Flush immediately after a remote recovery finishes (unless there are ongoing ones) #9439

bleskes · 2015-01-27T10:53:07Z

To properly replicate, we currently stop flushing during recovery so we can repay the translog once copying files are done. Once recovery is done, the translog will be flushed by a background thread that, by default, kicks in every 5s. In case of a recovery failure and a quick re-assignment of a new shard copy, we may fail to flush before starting a new recovery, causing it to deal with potentially even longer translog. This commit makes sure we flush immediately when the ongoing recovery count goes to 0.

I also added a simple recovery benchmark.

…there are ongoing ones) To properly replicate, we currently stop flushing during recovery so we can repay the translog once copying files are done. Once recovery is done, the translog will be flushed by a background thread that, by default, kicks in every 5s. In case of a recovery failure and a quick re-assignment of a new shard copy, we may fail to flush before starting a new recovery, causing it to deal with potentially even longer translog. This commit makes sure we flush immediately when the ongoing recovery count goes to 0. I also added a simple recovery benchmark.

mikemccand · 2015-01-27T11:55:40Z

src/main/java/org/elasticsearch/index/engine/internal/InternalEngine.java

            assert onGoingRecoveries.get() >= 0 : "ongoingRecoveries must be >= 0 but was: " + onGoingRecoveries.get();
+            if (left == 0) {


I really don't understand the concurrency here, but I just wanted to verify that there is no risk that another recovery kicks off right here, after a first recovery just finished and dropped the count to 0, and then we clear the xlog out from under that second recovery, losing documents?

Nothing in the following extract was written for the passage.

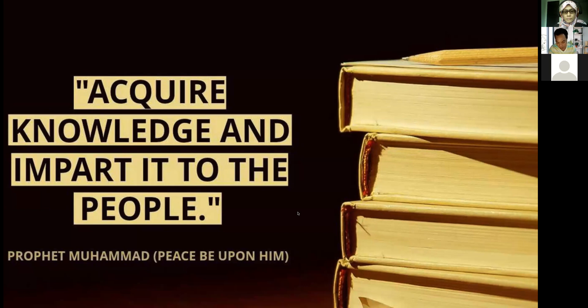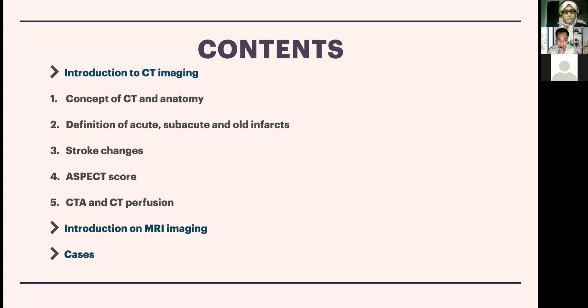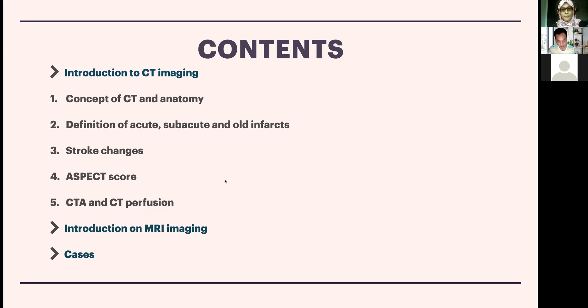The outline today covers the most commonly available imaging — CT concepts, CT anatomy, and then different timing of strokes: acute, subacute, and old infarcts. We'll also cover the ASPECTS score, CTA, CT perfusion, and MRI imaging. I'll briefly go through CTA and CT perfusion even though not all centers have these, and then show some local cases from HKL.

this is protected in the flush logic it self, so we can safely try:

https://github.com/elasticsearch/elasticsearch/blob/1.4/src/main/java/org/elasticsearch/index/engine/internal/InternalEngine.java#L841

https://github.com/elasticsearch/elasticsearch/blob/1.4/src/main/java/org/elasticsearch/index/engine/internal/InternalEngine.java#L855

and on the recovery side:

https://github.com/elasticsearch/elasticsearch/blob/1.4/src/main/java/org/elasticsearch/index/engine/internal/InternalEngine.java#L1125

OK, I see, looks good. Thanks @bleskes

mikemccand · 2015-01-27T11:56:02Z

LGTM, but I left one concurrency question...

imotov · 2015-01-27T16:24:08Z

LGTM

dakrone · 2015-01-27T16:55:37Z

src/main/java/org/elasticsearch/index/engine/internal/InternalEngine.java

            assert onGoingRecoveries.get() >= 0 : "ongoingRecoveries must be >= 0 but was: " + onGoingRecoveries.get();
+            if (left == 0) {
+                try {
+                    flush(new Engine.Flush().type(Flush.Type.COMMIT_TRANSLOG));


For the 1.x and master future-port, how are you going to implement the flush? Are you going to set force and waitIfOngoing?

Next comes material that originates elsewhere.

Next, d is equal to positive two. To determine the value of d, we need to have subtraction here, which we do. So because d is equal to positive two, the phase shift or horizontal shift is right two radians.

I think both can be left at their defaults? force=false waitIfOngoing=false. It means there is already an ongoing flush or there is nothing to do. In both cases, no need for an extra flush to reduce the translog.

sounds good to me

dakrone · 2015-01-27T16:56:53Z

LGTM, left one comment

…there are ongoing ones) To properly replicate, we currently stop flushing during recovery so we can repay the translog once copying files are done. Once recovery is done, the translog will be flushed by a background thread that, by default, kicks in every 5s. In case of a recovery failure and a quick re-assignment of a new shard copy, we may fail to flush before starting a new recovery, causing it to deal with potentially even longer translog. This commit makes sure we flush immediately when the ongoing recovery count goes to 0. I also added a simple recovery benchmark. Closes #9439

When we clean up after recoveries, we currently close the recovery counter first, followed up by the different snapshots. Since the recovery counter may issue a flush (introduced in elastic#9439) , the snapshot references prevent the flush from cleaning up the current translog file. This commit changes the order of the close command. Note: this is not a problem on master, as we moved the translog delete logic, making it kick in if needed when the ref counter goes to 0.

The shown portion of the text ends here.